Dernière mise à jour 08/11/2016 18:48

 

Chapitre deux
 
J-6
 
 
 
Le soleil est à son zénith. Il est midi passé.
Certes sur ce bloc rocheux les journées sont courtes mais quand même, Mégane commence à s’impatienter. Toujours aucune manifestation du major Lorne et du reste de l’équipe.

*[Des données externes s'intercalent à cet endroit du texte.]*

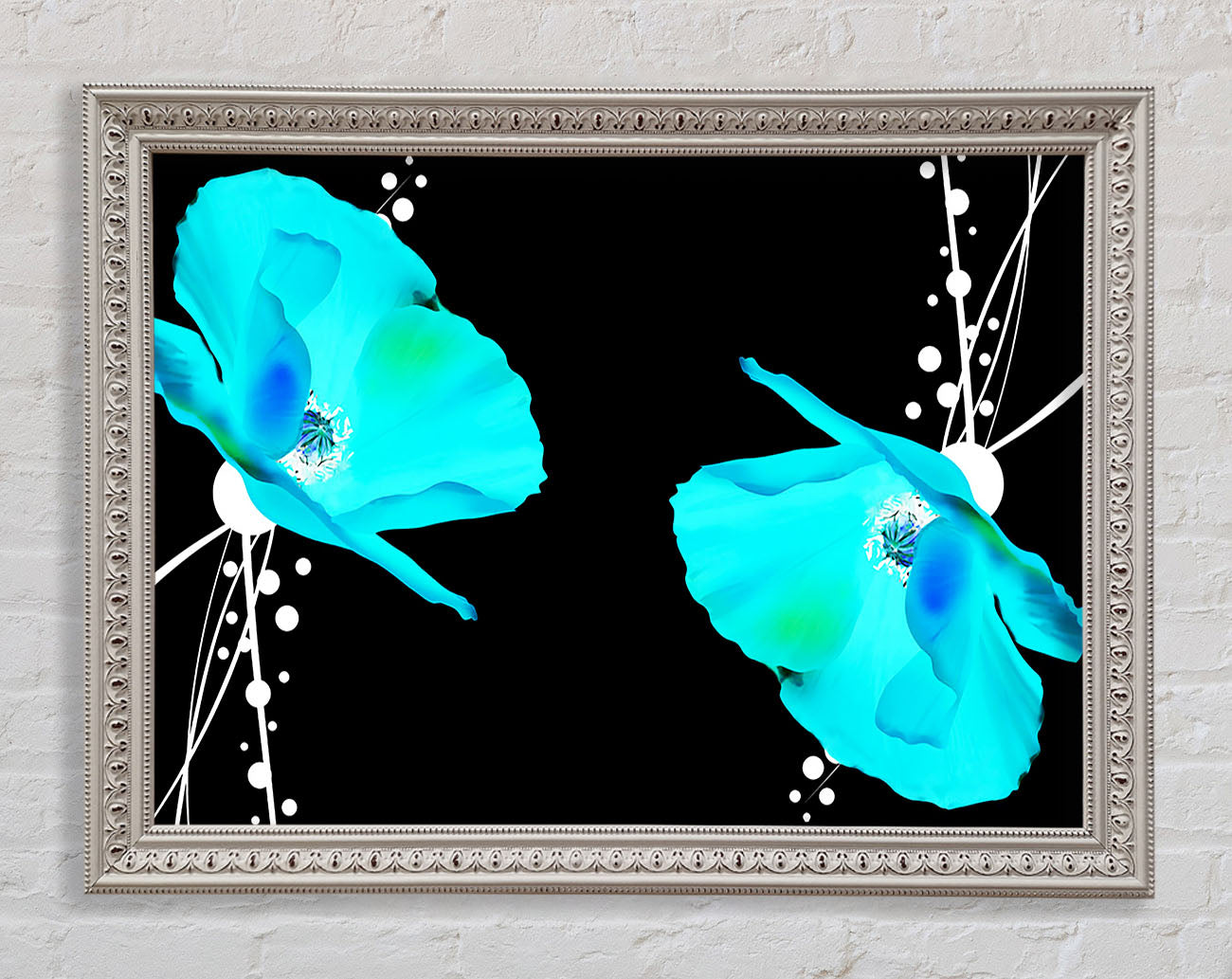 Blue Poppy Abstract Framed Wall Art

Evidemment, Mégane a cherché à les joindre par radio, mais aucun signe de vie. En désespoir de cause, le lieutenant tente de contacter Atlantis conformément aux ordres du major.
- Atlantis, ici le lieutenant Frès. Ceci est un appel au secours. Atlantis répondez ! 
Son appel reste sans réponse. Impossible de joindre la cité. Il est donc vain d’espérer des secours de ce côté-là. Que se passe-t-il donc vraiment dans le village ? Mégane est tentée d’y aller mais une fois là-bas que fera-t-elle ? Non, le plus prudent est d’attendre encore un peu.
Elle sourit.
Evan n’a jamais été particulièrement ponctuel. Décidément, cet homme aime se faire désirer. La jeune femme rit doucement, un peu, puis fond en larmes.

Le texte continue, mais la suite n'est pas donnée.